A válvula de escape não poderia ser diferente: esse precedente tornou-se responsável pelas expedições de mandados de prisão em escala industrial. E em sintonia com essa onda está o TJ/PE, composto por notáveis magistrados, os quais, atrevo-me dizer, no mais puro instinto de praticar justiça, vêm dando guarida a um entendimento, data vênia, contrário ao texto constitucional.
Em leito de morte, a Constituição respira com a ajuda de aparelhos, leia-se magistrados, que ainda se mantêm fiéis aos preceitos fundamentais. Ao que me consta, o desembargador Antônio Carlos Alves da Silva é o único membro das Câmaras Criminais do TJ/PE que se conserva preso à legalidade, blindado da compreensível opinião pública que, nutrida diuturnamente por uma mídia datenizada, vê na prisão a chave para diminuir a sensação de impunidade.
Não custa lembrar que o princípio da legalidade, construído a custo de muito sangue, é instrumento de garantia do cidadão contra o braço punitivista do Estado.
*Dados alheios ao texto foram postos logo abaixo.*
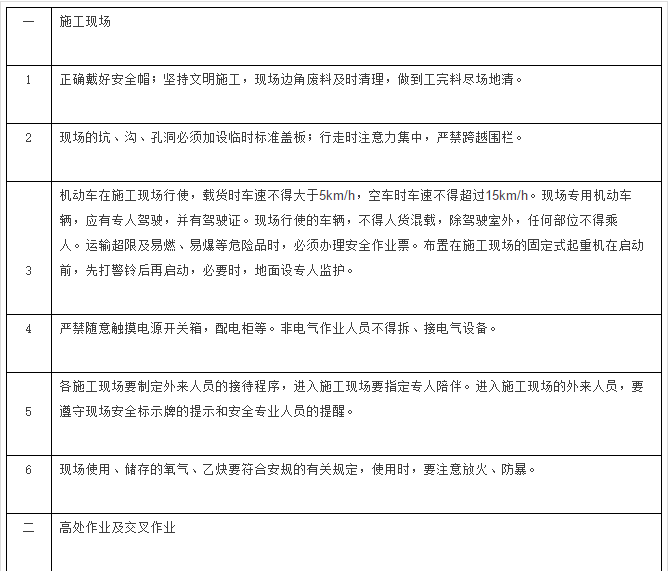 施工工地安全隐患排查表资料下载-施工现场安全隐患对策表，超详细！！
Com o desenvolvimento da ciência do Direito, sobretudo da dogmática penal, a legalidade tornou-se o princípio mater dos demais cânones que regem o Estado Democrático de Direito.
Todavia, encandeados por uma reluzente retórica, os filhos deste solo hoje sofrem na areia movediça da insegurança jurídica, manifestada pela acrobacia hermenêutica emprestada pelo STF quando da relativização que se fez do princípio da presunção da inocência no famigerado julgamento do HC 126.292.
Com todas as vênias, abrir mão da legalidade em prol da suposta redução da impunidade é tal qual abrir a Caixa de Pandora. Nas estórias de terror, faz-se pacto diabólico, trocando-se a alma por uma vantagem mundana. No mundo atual real, a fatura desse escambo, em nome da alma da justiça, chegará à galope.
Que no voto vencido do desembargador Antônio Carlos, que atualmente figura em honrosa solidão no âmbito estadual, resida a semente fecundante do terreno das garantias e essa, hoje ilha, forme arquipélagos e, oxalá, torne-se a pangeia da legalidade.